Creators trying to make 'wage slaves' care about tax
That's why among the usual cast of economic boffins, politicians and business representatives at the teal independent's tax roundtable in Parliament House on Friday, content creators were packaging up the discussion to cut through to a different audience.
While young people feel the impacts of the tax system on housing unaffordability and stagnant real wages, getting them to care about changing it - and ensuring policymakers know that support is there - is another matter.
Former Treasury secretary Ken Henry, who wrote the book on tax reform during the Rudd and Gillard governments, said the current system was broken.
The burden is increasingly shifting onto the shoulders of young people, who are also contending with an increasingly unaffordable housing market.
"Tax policy tragics know that tax reform is necessary, but the thing is that most people in the community do not," he told the roundtable.
"I reckon the best thing that we can do as a group is to help make the case, to help in the construction of a compelling narrative, something that motivates action."
Ms Spender agrees.
"You have to convince people why it's important before you can convince them what the solution is," Ms Spender told AAP.
"People don't come up to me in the street to talk about a particular aspect of tax.
"But they talk to me about the fact that they're worried about their kids, whether they can get a home. They're worried about productivity, and whether our businesses can get access to capital.

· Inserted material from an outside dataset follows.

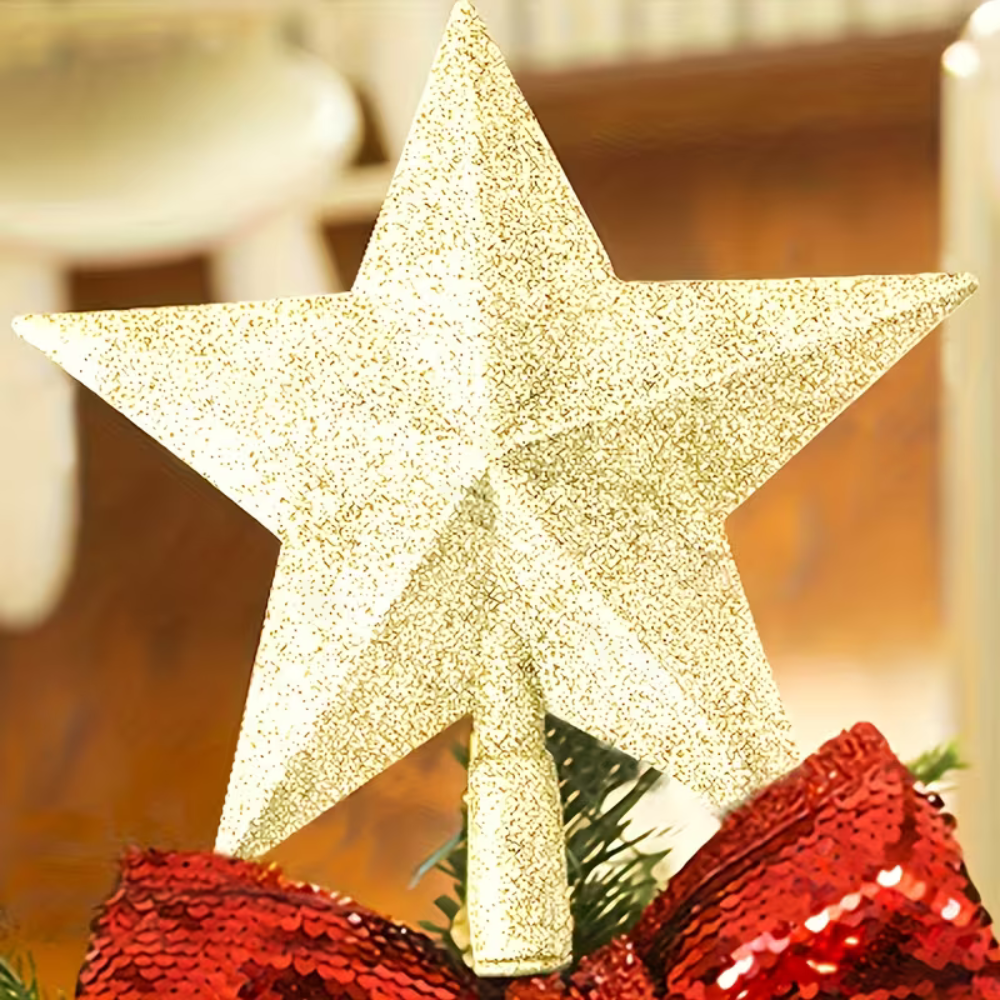 Christmas Tree Star Topper | Decorative Glitter Star for Christmas Tree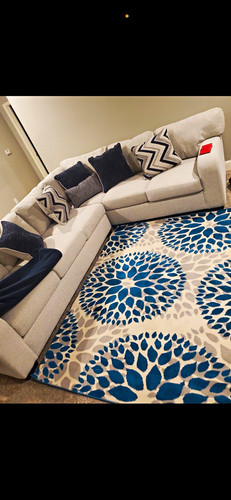 White linen shaped sectional - linen, l-shaped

"Those are the things that people worry about. They don't necessarily see the link back to tax."
Ms Spender has been taking to Instagram to get the message out.
Also there to spread the message were Konrad Benjamin, whose Punter's Politics videos rack up millions of views on social media, and Natasha Etschmann, a personal finance podcaster with more than 300,000 followers across Instagram and TikTok.
They have a direct line to a growing cohort of younger Australians who increasingly feel the system is stacked against them.
Getting buy-in from regular punters who felt left out was an important step if things were to change politically, Mr Benjamin said.
The solutions raised around the table were largely the same ones tax reform advocates have been calling for for more than a decade - taxing carbon and resources more effectively, reducing reliance on personal income tax, and boosting incentives for investment.
"They know the solutions," Mr Benjamin said.
"How do you get it through? And how do you communicate it? And that's, I suppose, where we are sitting.
"We're trying to shape the political discourse around something like tax, because it's been dominated by the Murdoch channels.
"But who's bearing the burden? Our generation, wage slaves, us."